§ **What is being asked**:
Span requested from the data below: the line with "Courbe de l'humidex" through the line with "card_24628_series_61444_rarity_95225_graph", both included. Give only these lines again, exactly, and leave every picture out.

Top of Available data

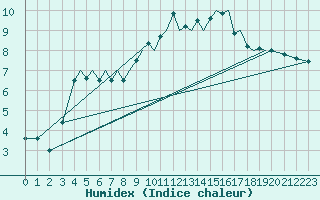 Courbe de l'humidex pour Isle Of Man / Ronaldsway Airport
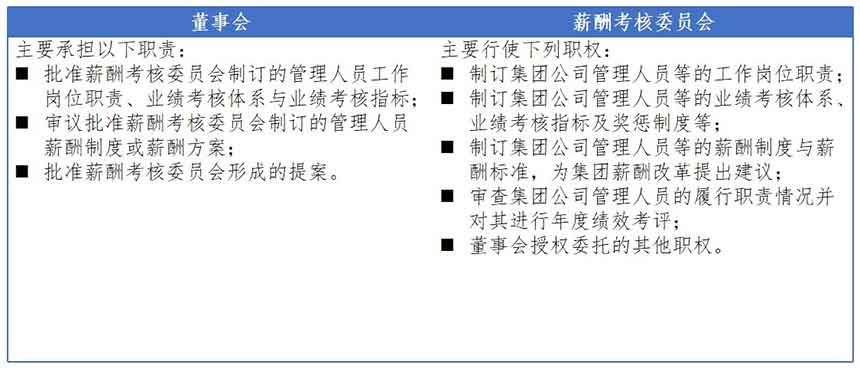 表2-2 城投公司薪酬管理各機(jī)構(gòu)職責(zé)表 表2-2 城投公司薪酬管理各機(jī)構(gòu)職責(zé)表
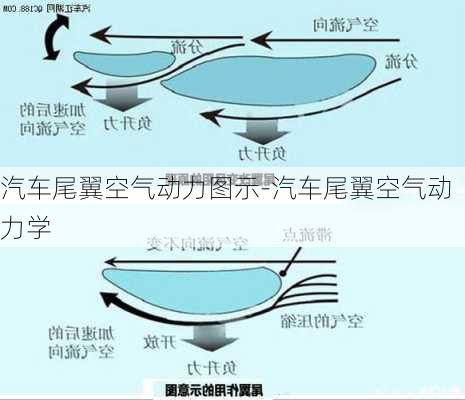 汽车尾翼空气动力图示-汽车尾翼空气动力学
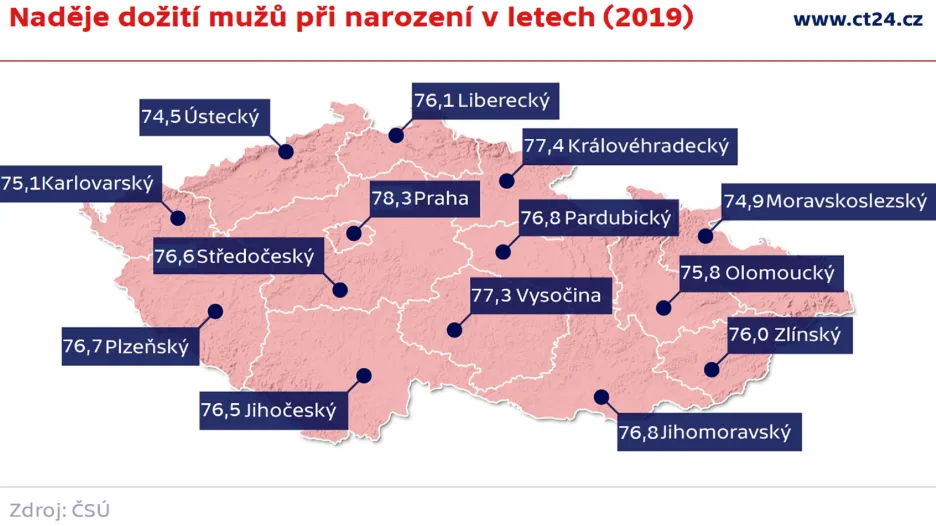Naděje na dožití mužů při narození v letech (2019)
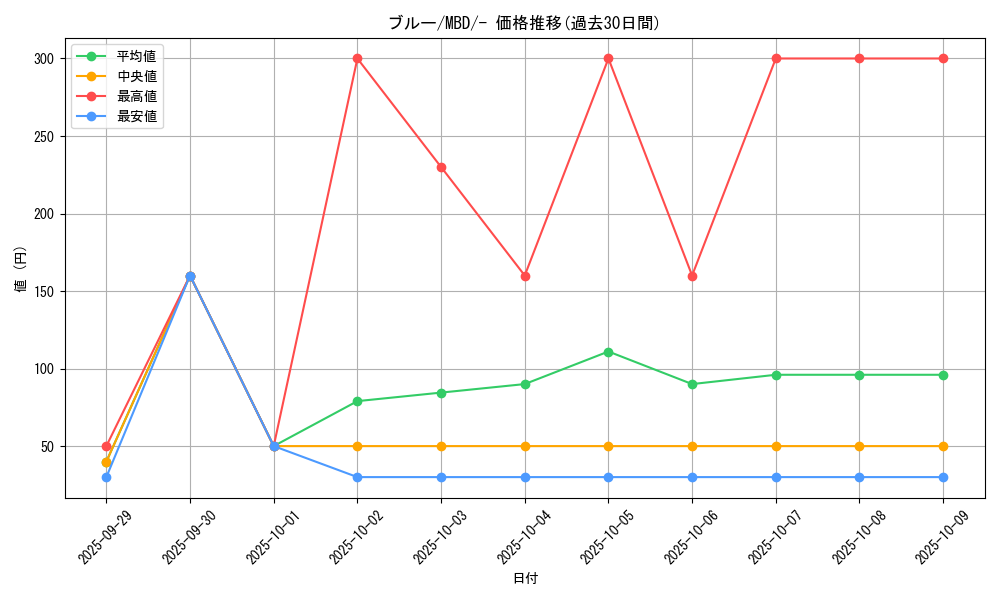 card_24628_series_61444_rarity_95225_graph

Bottom of Available data
Top of Available data

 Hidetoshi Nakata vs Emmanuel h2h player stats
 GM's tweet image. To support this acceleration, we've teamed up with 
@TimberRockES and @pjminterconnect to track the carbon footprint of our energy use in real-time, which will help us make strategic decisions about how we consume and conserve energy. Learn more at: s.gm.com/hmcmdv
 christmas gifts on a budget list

Bottom of Available data
Top of Available data

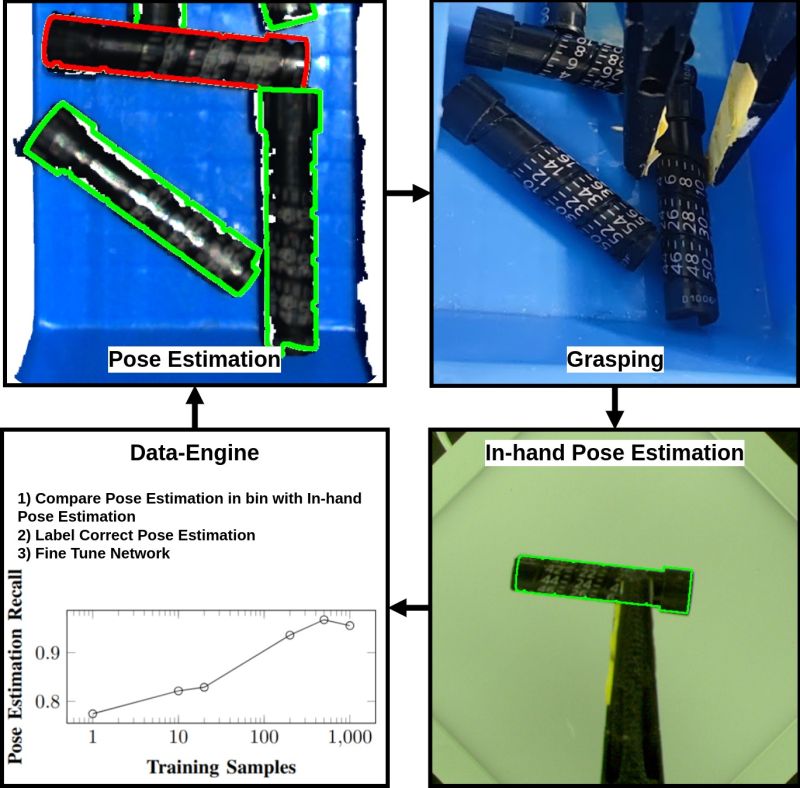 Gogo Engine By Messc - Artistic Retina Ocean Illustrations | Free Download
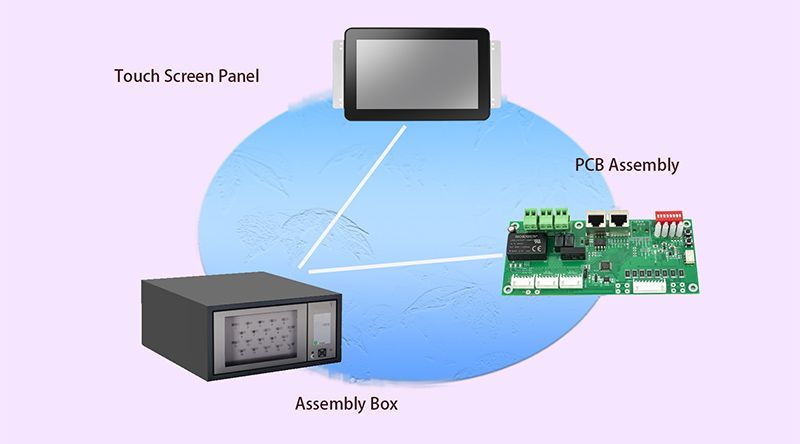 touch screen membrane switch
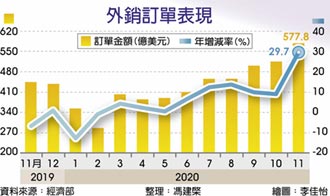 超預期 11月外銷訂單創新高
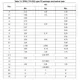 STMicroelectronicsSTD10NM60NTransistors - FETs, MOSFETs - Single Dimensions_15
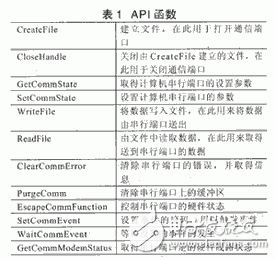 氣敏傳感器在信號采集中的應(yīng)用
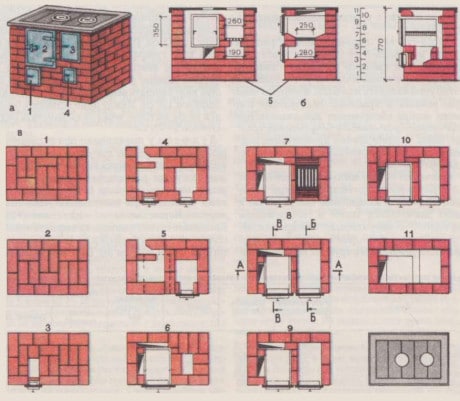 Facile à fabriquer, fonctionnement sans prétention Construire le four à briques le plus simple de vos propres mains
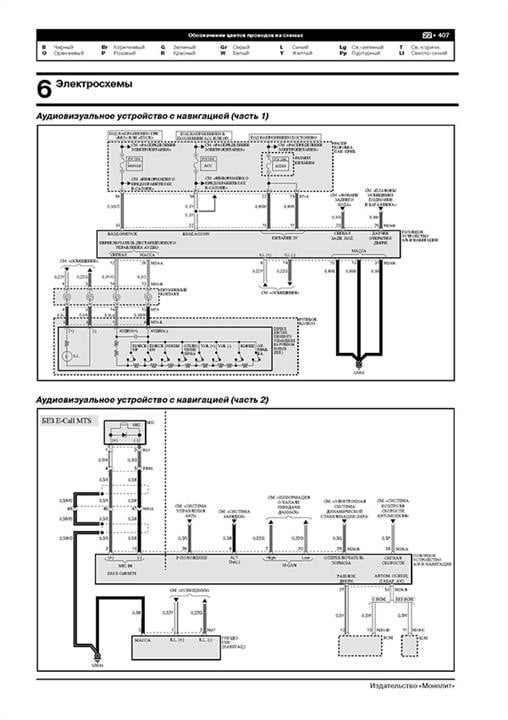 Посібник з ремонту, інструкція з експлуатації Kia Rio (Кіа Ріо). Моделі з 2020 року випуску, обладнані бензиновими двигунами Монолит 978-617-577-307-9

Bottom of Available data

§ **Response area**:
 Courbe de l'humidex pour Isle Of Man / Ronaldsway Airport
 表2-2 城投公司薪酬管理各機(jī)構(gòu)職責(zé)表 表2-2 城投公司薪酬管理各機(jī)構(gòu)職責(zé)表
 汽车尾翼空气动力图示-汽车尾翼空气动力学
Naděje na dožití mužů při narození v letech (2019)
 card_24628_series_61444_rarity_95225_graph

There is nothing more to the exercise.